Atonement Review

by [email protected] (sdo230 AT gmail DOT com)
December 12th, 2007

Atonement
reviewed by Samuel Osborn

Director: Joe Wright
Screenplay: (based upon the novel by Ian McEwan
Cast: Keira Knightley, James McAvoy, Saoirse Ronan
MPAA Classification: PG-13

It's a tricky maneuver, bridging the gravitas of a novel into the film medium. Between The Golden Compass, No Country for Old Men, Beowulf, and I Am Legend, I've committed a lot of words to adaptation this month. Atonement is the finest, however. It is absolutely most impressive because it dedicates itself to being a film, a movie, a flick. It is definitely of the cinematic medium, which is a sort of evolution beyond the standard translation. By this I mean that Atonement does more than put faces to characters. It embraces the novel as a creature of photography and sound and story. In other words, I don't give a damn about what happened in the book. Because Atonement is a monster of its own originality.
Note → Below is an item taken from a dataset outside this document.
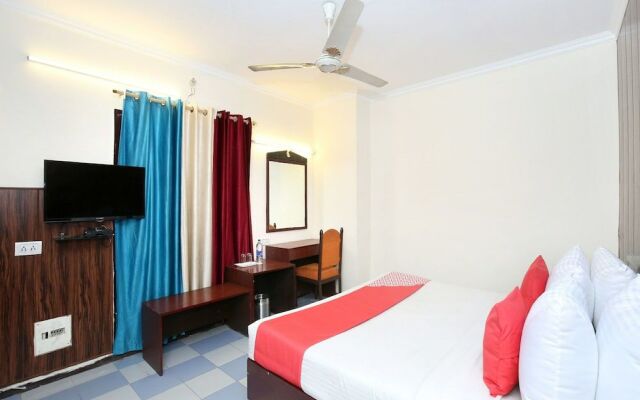 OYO 2690 Hotel Oscar Regency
Its story is a thorny, knotted bastard, tricking even itself near the end, where the evidence on screen has its own ulterior motives. But reduced to its base, Atonement accounts the love three people have for each other and the brutal actions they take to express it. To this there's a catalyst, in which young Briony Tallis (Saoirse Ronan) incidentally witnesses a series of events that leads her to accuse the English estate's gardener, Robbie Turner (James McAvoy)--also her unrequited crush--of a serious crime. The third character entangled is Cecilia Tallis (Keira Knightley), Briony's lounging, brooding, older sister--also in love with Mr. Turner. Briony's accusation tightens the knot stringing the three characters together; and because the producers have gone to such lengths to keep Atonement's secrets from illumination, that is all I'm willing to give away. You're now supposed to feel vaguely informed and intensely intrigued.

Well anyway, if you don't feel mysteriously engaged now, trust me that you will when the time comes. Because without suffocating you with boring facts about filmic form (ugh, I know), Atonement is a work of intense technical beauty. The cinematography eschews the shot/matching- shot standard for an almost obsessive interest in light and color and composition.
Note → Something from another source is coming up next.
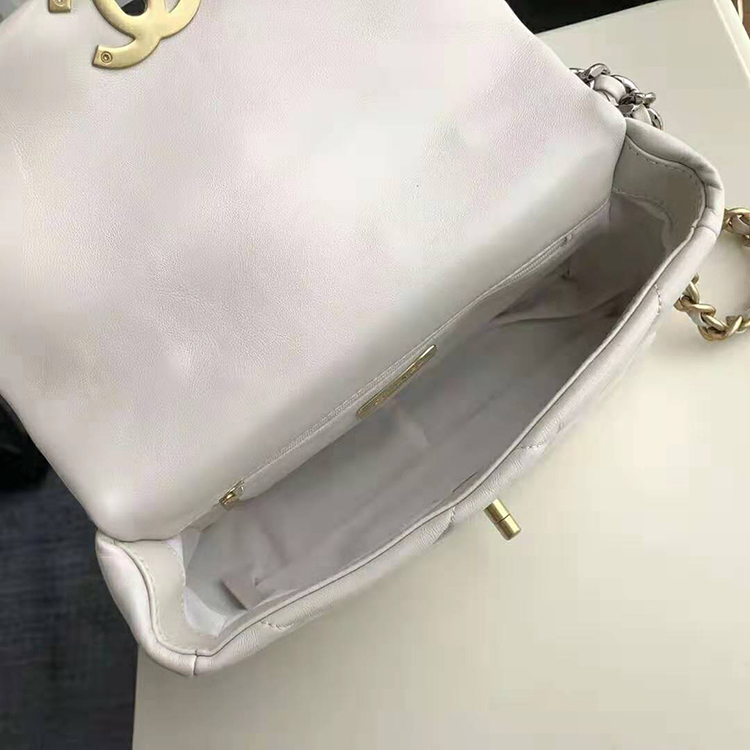 2019 chanel 19 flap bag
And the score, oh the score! Consisting of the clicks of a typewriter, it often falls into the raps of a drumline rhythm. Composer Dario Marianelli draws diagetic noises (for non-film geeks, that's sound from within the story world) like the banging of an umbrella upon the hood of a car, or the scratch of a lighter as it sparks, and blends them in as instruments to his own orchestra. The point, and this is made wondrously clear as the film rolls on, is that the telling of a story can be manipulated using any tool at the storyteller's
disposal.

In this way, time in Atonement reverses and doubles over on itself, deploying one scene on multiple occasions so as to understand it from different characters' perspectives. This poses an issue for the actors, as they have to sustain their character with only the evidence they've been permitted. But the talent is superb among everyone. James McAvoy has steadily and surprisingly become a valid, impressive force, while Keira Knightley continues to smolder under pouty lips and that emotive slouch of hers. Saoirse Ronan is the bread-winner, however, as Briony. No more than thirteen years old, Ms. Ronan controls her Briony as effectively and seriously as any Dakota Fanning or young Haley Joel Osment.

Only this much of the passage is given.